**Exercise requirements**:
Return the stretch from the line with "a close up of" through the line with "Lys og romslig" in the data below, character for character, skipping all pictures.

Caption-style text data:
★ ★ ★ ★ ★
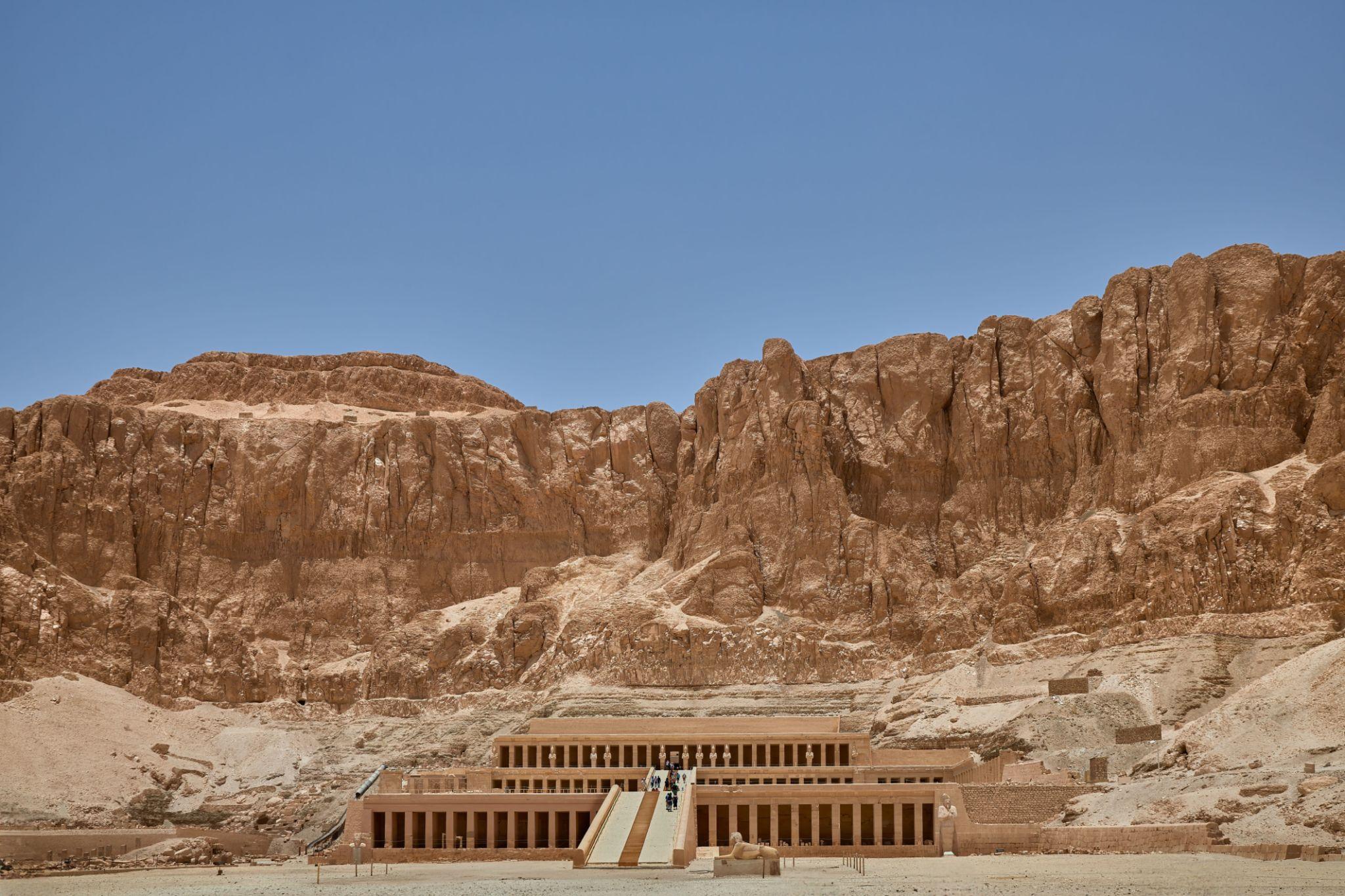 Panoramic view of terraced Hatshepsut Temple set against rugged limestone cliffs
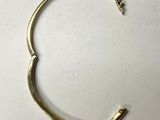 a close up of a gold bracelet on a white surface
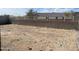 A spacious, empty backyard framed by a block wall and a white iron fence, offering a clean slate for landscaping at 17296 W Desert Sage Dr, Goodyear, AZ 85338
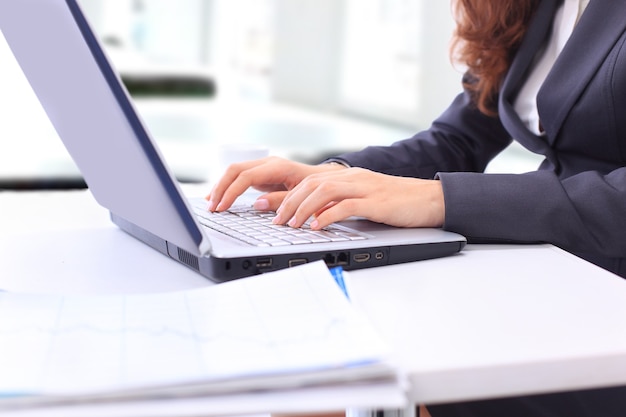 Manos femeninas escribiendo en una computadora portátil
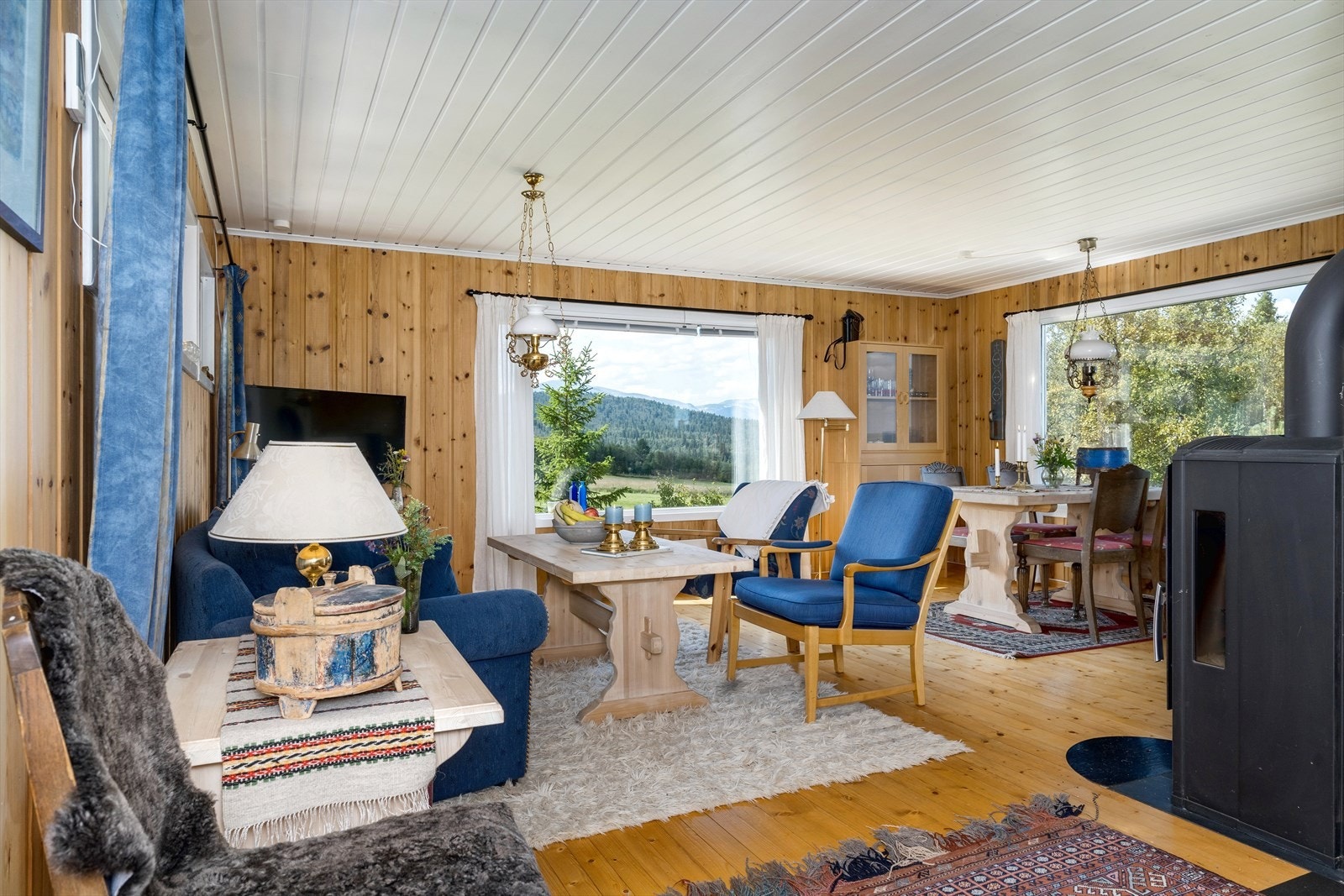 Lys og romslig stue med store vinduer som gir flott utsikt til vakker natur. Perfekt for avslapning og hygge. Galleribilde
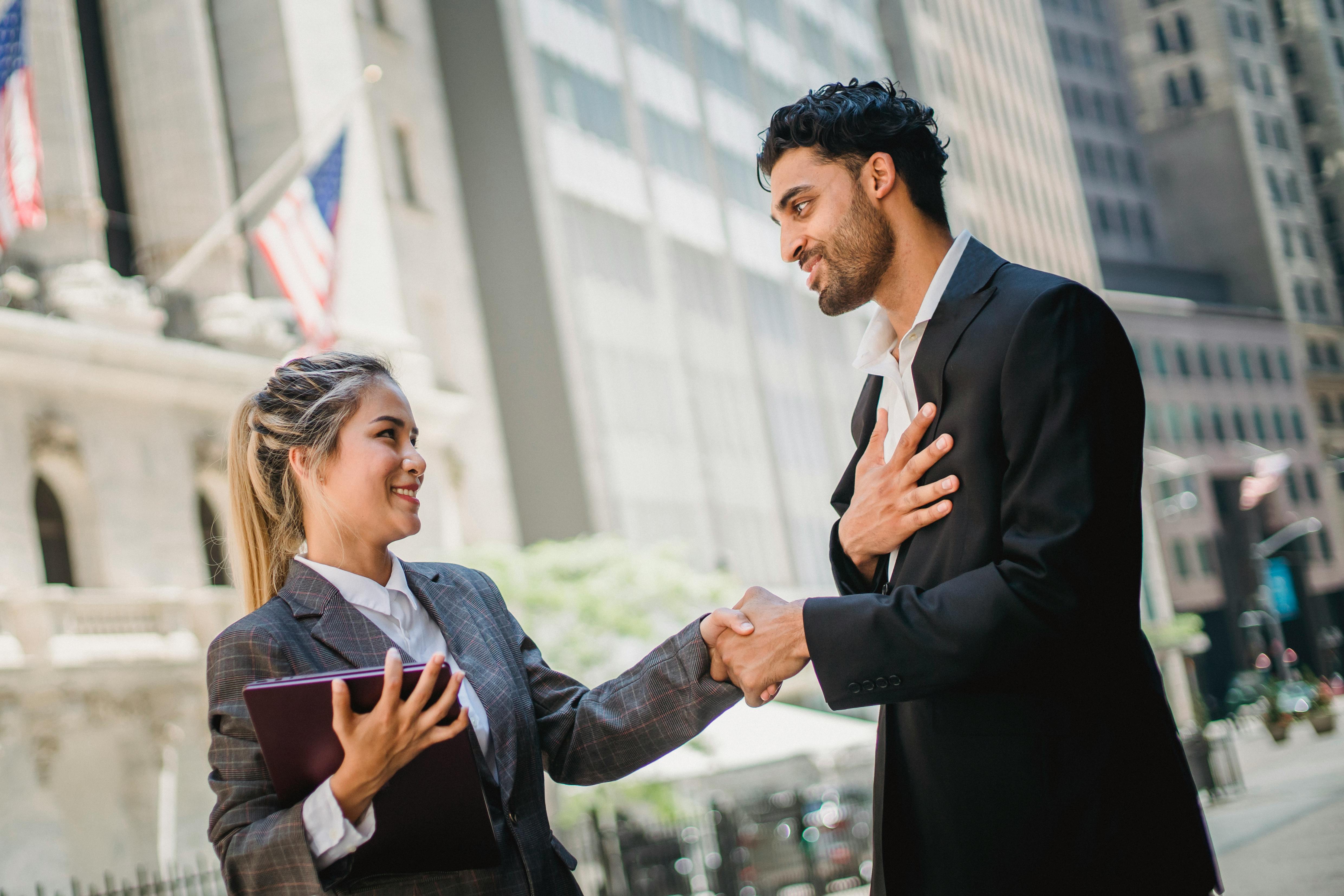Amerika'da iş dünyasında başarıyı yakalamak için kurulan güçlü iş ağlarını ve profesyonel iş birliğini temsil eden, modern bir ofis ortamında el sıkışan iş insanları.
★ ★ ★ ★ ★
**Answer space**:
 a close up of a gold bracelet on a white surface
 A spacious, empty backyard framed by a block wall and a white iron fence, offering a clean slate for landscaping at 17296 W Desert Sage Dr, Goodyear, AZ 85338
 Manos femeninas escribiendo en una computadora portátil
 Lys og romslig stue med store vinduer som gir flott utsikt til vakker natur. Perfekt for avslapning og hygge. Galleribilde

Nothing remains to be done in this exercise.